With the "core four," Lobdell introduces four more new Titans: Bunker, Solstice, Skitter, and Danny the Street (late of various iterations of Doom Patrol). Of these, Bunker is the best -- his powers are unique for once among an often-duplicative DC Universe, and his optimism as written by Lobdell is very engaging. What's more, Bunker serves to bring the characters together in the way both a Titans team and a Teen Titans title needs. When Bunker makes friends with Solstice and Skitter, outside the influence of Red Robin and the rest, it makes the team a family, as with Wolfman/Perez and Johns before. Obviously Lobdell gets what Teen Titans is about, and that should be enough to calm the fears of any fan of the old series. (Aside from an exceptionally strange moment where Lobdell has Red Robin and Kid Flash argue over Flash borrowing Robin's sweatshirt.)
The benefit of relaunching Teen Titans is that the first issue doesn't dwell on whether these heroes can live up to their mentors' examples or do justice to the heroes who died before them -- its simply that the NOWHERE organization is kidnapping teens and the Titans band together to stop them. In this way Lobdell's Titans is closer to Wolfman and Perez's, forging their own path, than Johns's, the perpetual trainees, and Lobdell's Titans feels less weighted-down by the Justice League, who have for the most part no relation to this team. These characters aren't worried about doing a good enough job to impress the Justice League, just about doing their job, and equally should they fail, there's no Justice League to save them; all of this is considerably refreshing.

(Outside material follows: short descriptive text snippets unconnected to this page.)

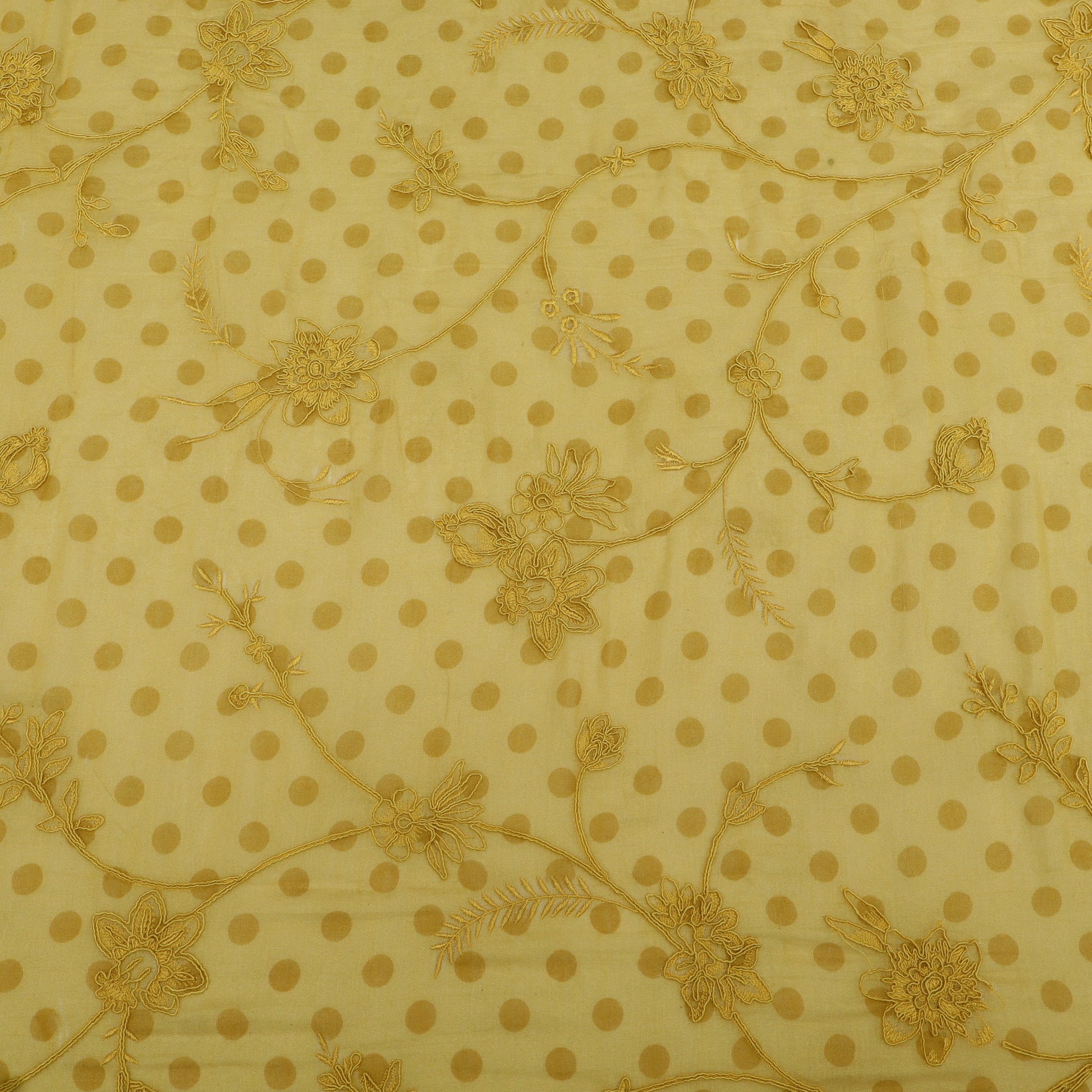 Yellow fabric with gold polka dots and floral patterns
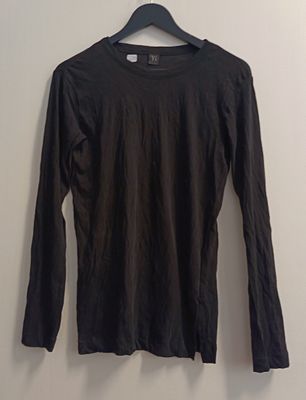 black long sleeved shirt hanging on a hanger against a white wall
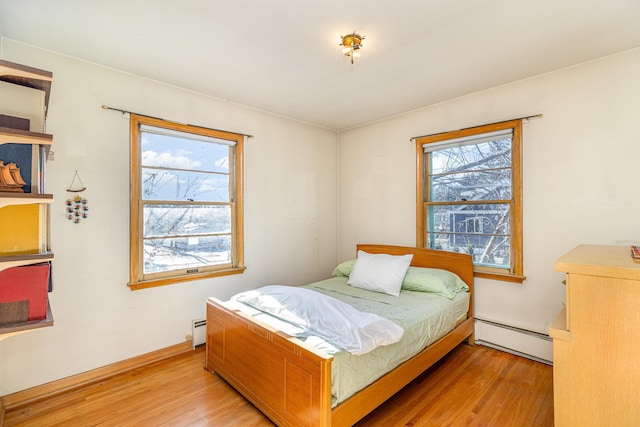 bedroom featuring baseboard heating, light hardwood / wood-style floors, and multiple windows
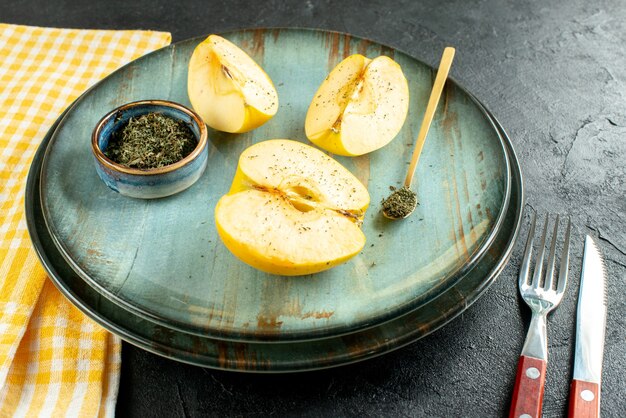 Bottom view cut apples dried mint in bowl wooden spoon on plate knife and a fork yellow kitchen towel on dark ground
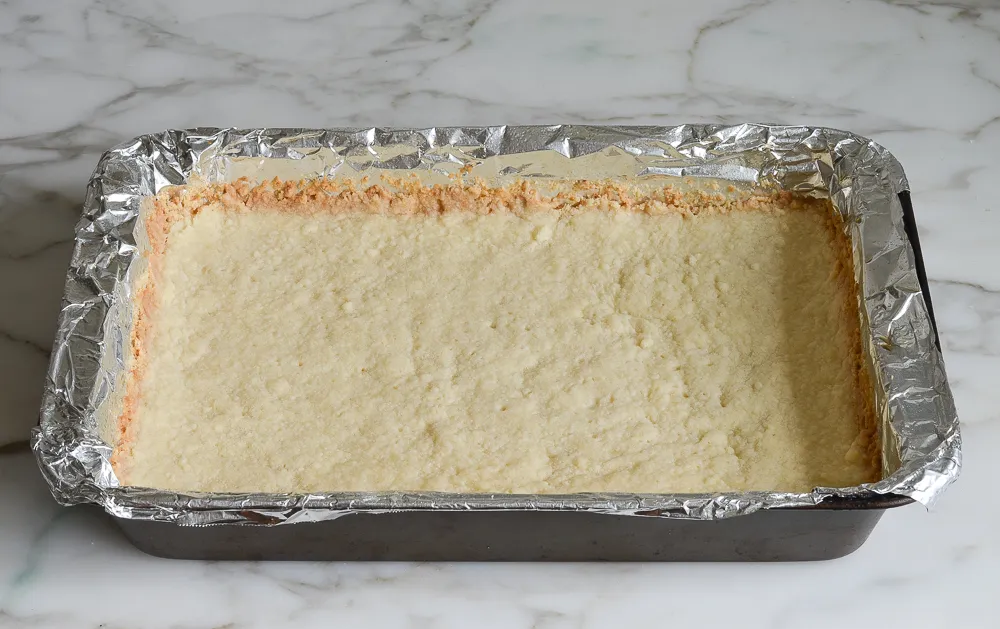 lemon bar in baking tray after being frozen-kookybakes.com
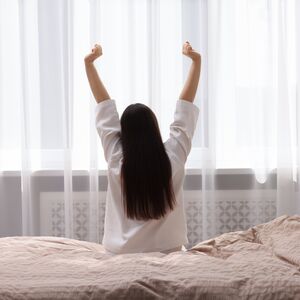 Eine Frau sitzt auf einem Bett und dehnt sich. Ihre Arme sind nach oben gestreckt.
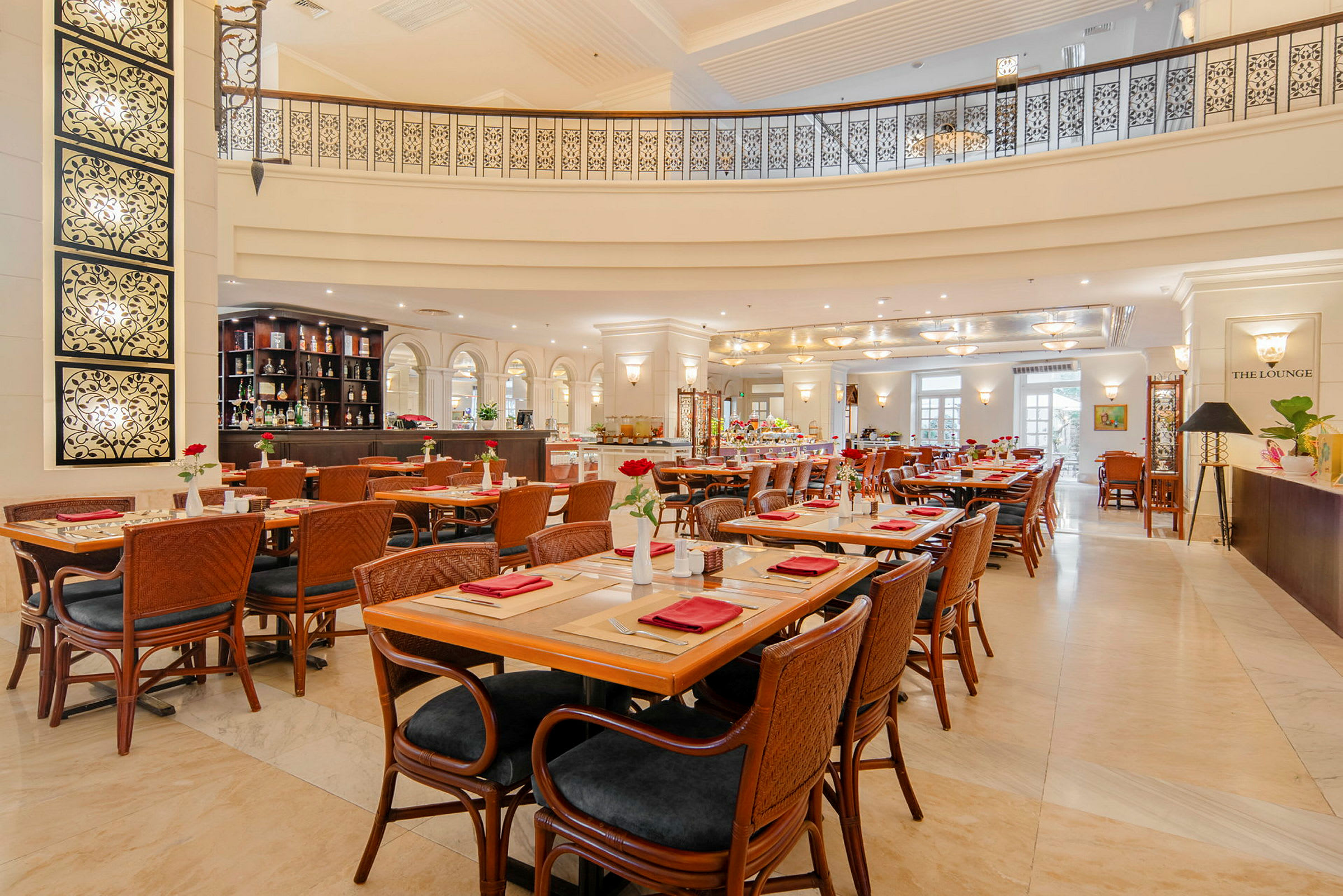 Elegant restaurant med borde og stole i træ, dekoreret med røde servietter og blomster. Bar og lys indretning ses i baggrunden. (AI-genereret tekst)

At the same time, It’s Our Right to Fight takes seven issues to run headfirst into the Culling crossover with Superboy and Legion Lost, and most of those seven issues are spent fighting NOWHERE or its henchmen. It's hard for the reader to envision what Lobdell will do with this title around issue #50 after the NOWHERE threat is long since overused. When Lobdell does try to insert more standard "superheroes versus supervillains" fare, the transition is awkward -- as when Red Robin and Bunker are defeated in the span of a page by the mind-controlling Detritus, or when Wonder Girl and Bunker are attacked out of nowhere by the also-mind-controlling Grymm. Each incident seems like an afterthought on Lobdell's part, and it will be interesting to see how and when he makes supervillains a regular part of this title.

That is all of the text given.